[[ Working data, beginning ]]
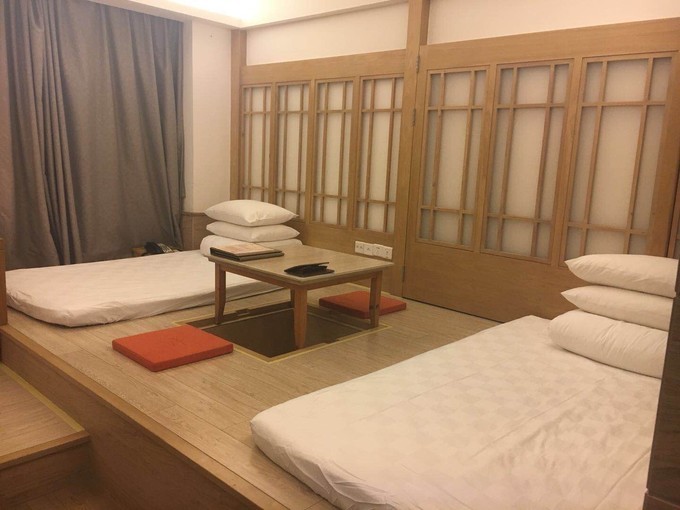 <a href=http://www.lexiangyou.org/xiangcunlvyou/ target=_blank class=infotextkey>乡村旅游</a>：崖口与中山温泉游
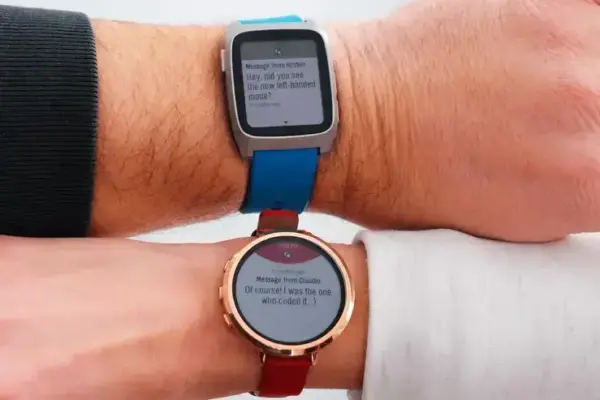 Pebble Time 2 enfrenta problemas com tela quebrada e botões defeituosos com garantia curta
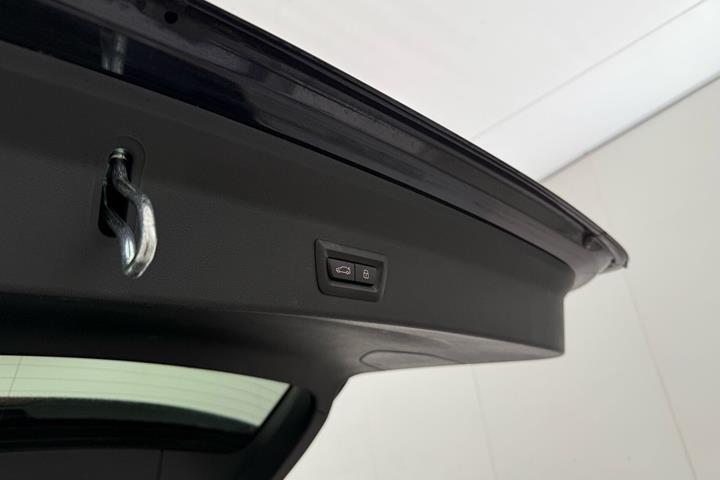 Sort BMW iX3 fra 2023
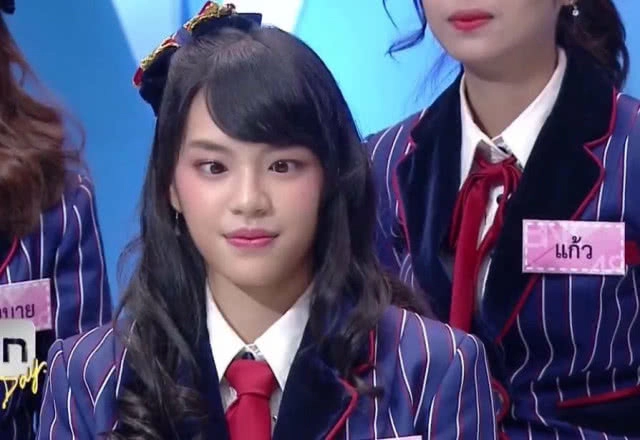 โอตะ จัดเต็ม!! อวยพรวันเกิด เฌอปราง BNK48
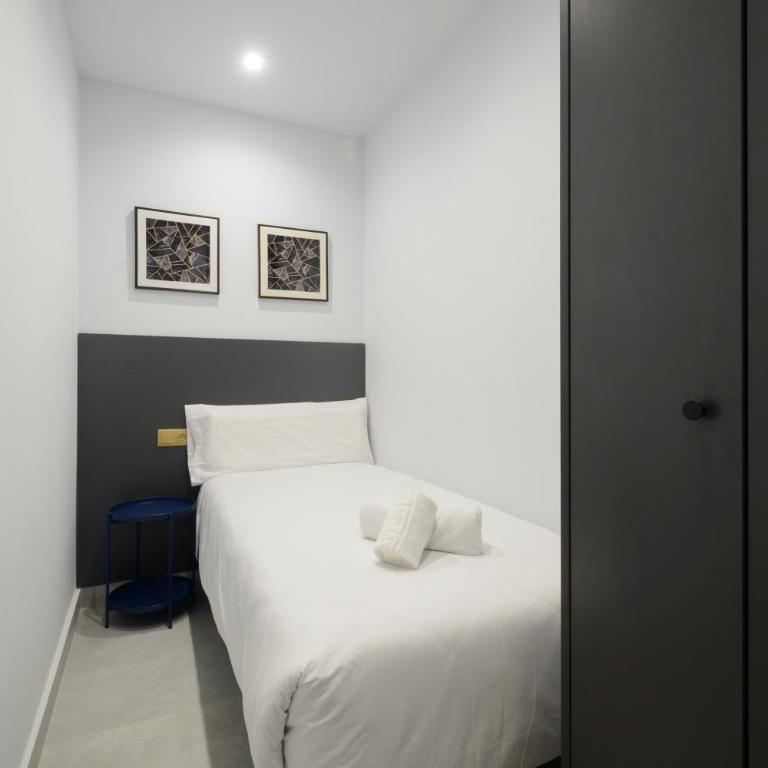 San Lázaro Suites - Three-Bedroom Deluxe Apartment - 15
[[ Working data, end ]]
Exercise directions. Nothing but the pictures should be left out when the material above is copied.

Result for this task.
 <a href=http://www.lexiangyou.org/xiangcunlvyou/ target=_blank class=infotextkey>乡村旅游</a>：崖口与中山温泉游
 Pebble Time 2 enfrenta problemas com tela quebrada e botões defeituosos com garantia curta
 Sort BMW iX3 fra 2023
 โอตะ จัดเต็ม!! อวยพรวันเกิด เฌอปราง BNK48
 San Lázaro Suites - Three-Bedroom Deluxe Apartment - 15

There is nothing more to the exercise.